When the aorta is cross-clamped, coronary perfusion stops and the beating myocardium would rapidly deplete its energy stores and accumulate ischaemic injury. Cardioplegia counters this by arresting the heart: a solution with a high potassium concentration depolarizes the myocyte membrane and holds the heart in diastolic standstill, eliminating the metabolic cost of contraction. Lowering temperature (cold cardioplegia) further reduces metabolic rate, while warm cardioplegia aims to maintain aerobic metabolism during arrest. Solutions may be crystalloid or blood-based, the latter adding oxygen-carrying capacity and buffering; they can be delivered antegrade through the aortic root or coronary ostia, or retrograde through the coronary sinus when antegrade flow is impaired. Reperfusion at the end of the cross-clamp period reintroduces flow, and limiting reperfusion injury is part of the protection strategy.

Clinical relevance

Myocardial protection determines how well the heart recovers function after the ischaemic period of an operation, and the concepts are central to understanding cardiac surgical physiology.

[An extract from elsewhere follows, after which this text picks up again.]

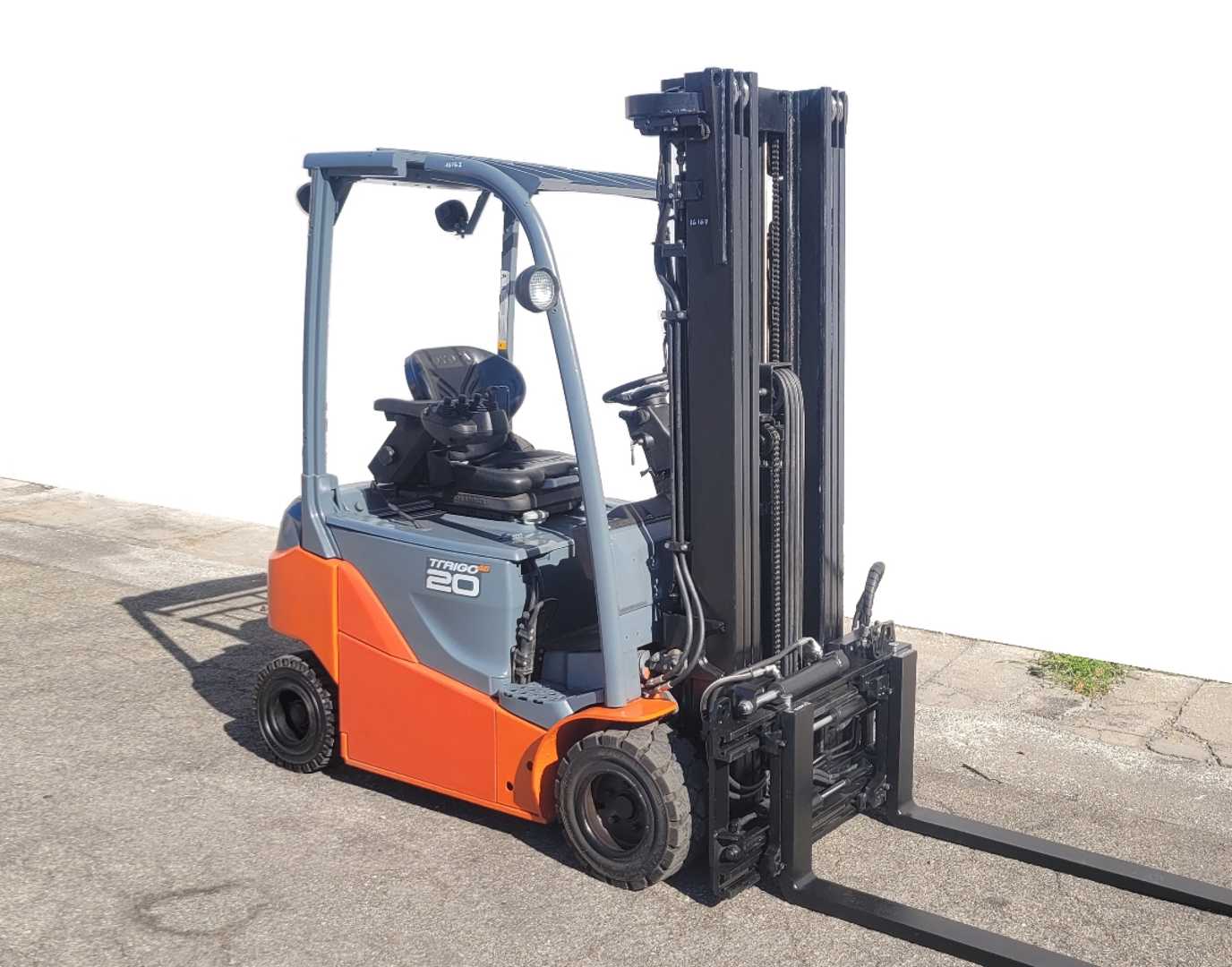 Muletto usato TOYOTA 8 FBMK20T (Batteria 90%) ELEKTRO VIERRADFRONTSTAPLER (12927260)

This entry describes the principles of protection; it does not specify solutions, concentrations, or protocols and is not a basis for individual treatment.

Evidence & guidelines

The field rests on decades of experimental and clinical work, from the European origins of cardioplegia and the St Thomas' Hospital solutions to Buckberg's development of blood cardioplegia and trials of warm versus cold and antegrade versus retrograde delivery. Comparative studies of solution type, temperature, and route continue, and no single approach is universally regarded as superior across all settings.

History

The idea of arresting the heart for surgery dates to mid-twentieth-century experiments, and modern cardioplegia matured in the 1970s and 1980s through European work on crystalloid solutions, exemplified by the St Thomas' Hospital cardioplegic solutions developed by Hearse, Braimbridge, and colleagues. Buckberg's introduction of blood cardioplegia and the subsequent exploration of warm, cold, antegrade, and retrograde strategies shaped the contemporary repertoire of myocardial protection.

Debates

Blood versus crystalloid cardioplegia
Blood cardioplegia adds oxygen-carrying capacity and buffering, while crystalloid solutions are simpler; the relative benefit varies with context and the comparison remains a long-running discussion in myocardial protection.
Warm versus cold and intermittent versus continuous delivery
Temperature and timing of cardioplegia trade hypothermic metabolic suppression against maintained aerobic metabolism and surgical field visibility, and approaches such as intermittent antegrade warm blood cardioplegia illustrate the competing strategies.

Key figures

  • Gerald Buckberg
  • David Hearse
  • Mark Braimbridge
  • Antonio Maria Calafiore

Related topics

Seminal works

  • buckberg-1989
  • braimbridge-1990
  • chambers-1989

Frequently asked questions

Why is the heart deliberately stopped during cardiac surgery?
Stopping the heart in diastole with a cardioplegic solution removes the metabolic cost of contraction and gives the surgeon a still, bloodless field, allowing the muscle to tolerate the period when its own blood supply is clamped off.
What is the difference between blood and crystalloid cardioplegia?
Crystalloid cardioplegia is a salt-based solution, whereas blood cardioplegia mixes the arresting solution with the patient's blood to add oxygen-carrying capacity and buffering. Both are used; the choice depends on the surgeon's strategy and the clinical context.